Data is considered one of the most valuable asset classes for the twenty-first century enterprise. This awareness will intensify as data continues to fuel the digital economy and stimulate multi-billion dollar transactions. Yet, data’s value proposition is just one concern in debates about data’s role in modern life. Other concerns include personal and social issues related to privacy, access to information, and freedom of expression. These concerns reflect conflicting perspectives, which meld together to obscure data’s proper legal treatment. As a result, recent legal discourse has focused on how to strike the right balance between competing interests when formulating a data governance regime and, more specifically, accompanying rights in data.

Rights in data are widely misunderstood by attorneys and non-attorneys, alike. This misunderstanding is excusable given politicians’ and scholars’ failure to develop a comprehensive legal framework for dealing with rights in data (properly understood). Without such a framework, the legal community cannot articulate coherent, practical and theoretically-sound data rights, because the intellectual scaffolding for doing so is missing. This article aims to fill that void.

This article examines data’s nature, data’s relation to its associations (i.e., data’s elements, means of expression, processing, and accuracy), and data’s legal treatment in practice. In doing so, this article’s primary contribution is to present a systematic way to think about data and its associations that is useful for delineating related rights and conducting further legal analysis. More broadly, this article provides a logical framework upon which coherent data policies can be built.

This article proceeds by presenting a definition for data and distinguishing data from its associations to facilitate legal analysis.


DATA & ITS ASSOCIATIONS

Policymakers must articulate data’s nature and relation to other concepts (labeled “associations”) to successfully evaluate the merits of its legal treatment, both in practice and in theory. That effort is nothing new, as philosophers have wrestled with models of information since at least the Hellenistic period. Since then, enduring questions have tended to center on how information (or data), as a distinct concept, stands in relation to its content, expression, use, and accuracy. This Part tackles these questions for a clear functional purpose: to distill data’s meaning, distinguish its many associations, and thereby outline key concepts to assist further legal inquiries.

A. Data Defined

In a legal sense, data is an abstract proposition regarding an object of consideration’s state. The state may designate, for example, that object’s act, composition, kind, quality, relation to other objects, or position within a system for coordinating perceptions. When the object of consideration is placed in that context, the resulting idea is subject to factual examination in theory but must be expressed in a comprehensible way to be utilized in practice. For this reason, data is often expressed in a physical medium that facilitates processing activities, such as storage and transmission. While such expressions are what intelligent beings and processes technically interact with when dealing with data, data is an idea independent of any physical manifestation.

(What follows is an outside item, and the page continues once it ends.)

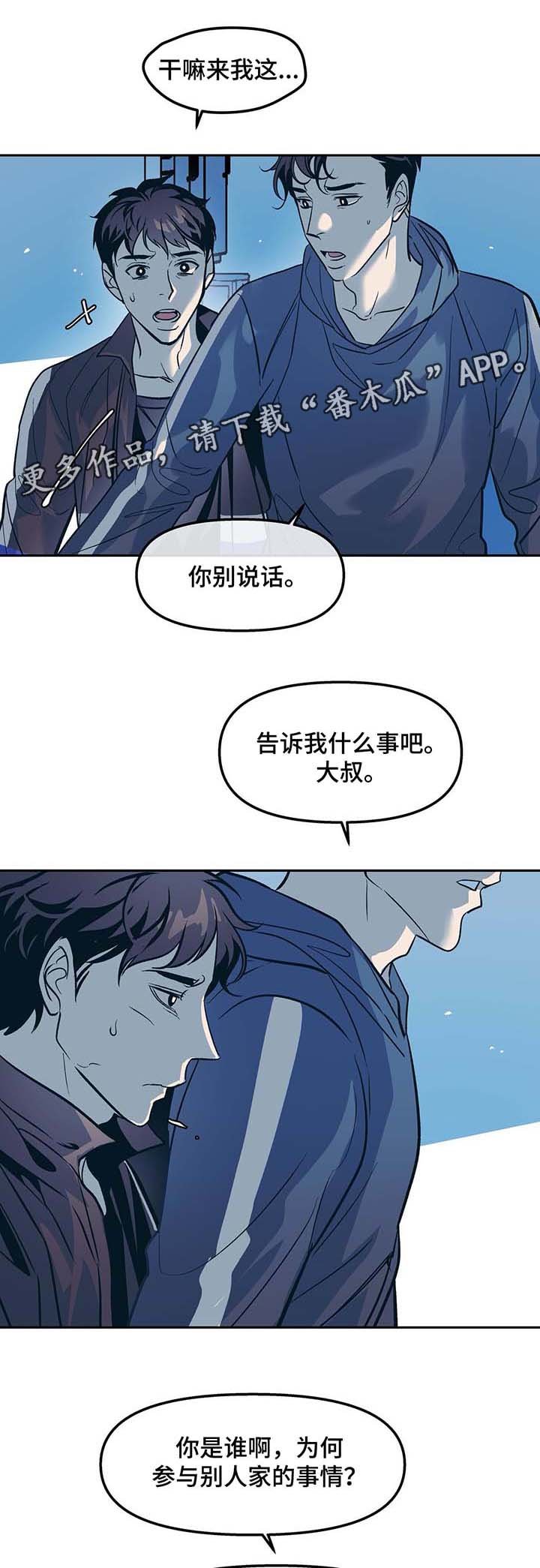 第34章：大伯到来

In a legal sense, data is an abstract proposition regarding an object of consideration’s state

B. Data’s Associations

The above notion is useful for delineating rights and obligations related to data because it distinguishes data from data’s legally significant associations, including: (1) data’s elements, especially the data subject; (2) the means of expressing data, both in a general sense (i.e., mode of expression) and in a particular instance (i.e., medium of expression); (3) the analytic operations performed on data directly (i.e., reasoning) and indirectly via its physical manifestations (i.e., processing); and (4) the connection between data and the empirical universe or some defined logical system (i.e., accuracy). Each such association and its basic legal significance are discussed below, in turn.

1. The Elements of Data

For an idea to be considered data under the above definition, it must both: (i) reference an object of consideration, and (ii) posit something about that object’s state. Both of these elements are essential. Without context, the object of consideration is a mere theoretical placeholder. Without reference to an object, a potential state is a mere instrument of comprehension. Thus, the object of consideration must be put in context (or, said differently, the context must be anchored by the object of consideration) to conceive a proposition subject to factual examination that is properly called “data.”

(i) The Data Subject

For particular data points, the object of consideration is the data subject. The data subject may reference someone or something that exists in reality or that acts as a reference point in some hypothetical system. For this reason, a data point may not completely articulate every feature of the data subject’s discoverable state and, thus, may not serve to fully identify the data subject in a broader sense. However, when a data point is combined with a set of related data points and considered in the right context, enough information may be presented to examine the data subject in more detail and with superior empirical accuracy. This feature expands a data point’s potential uses by increasing its explanatory power.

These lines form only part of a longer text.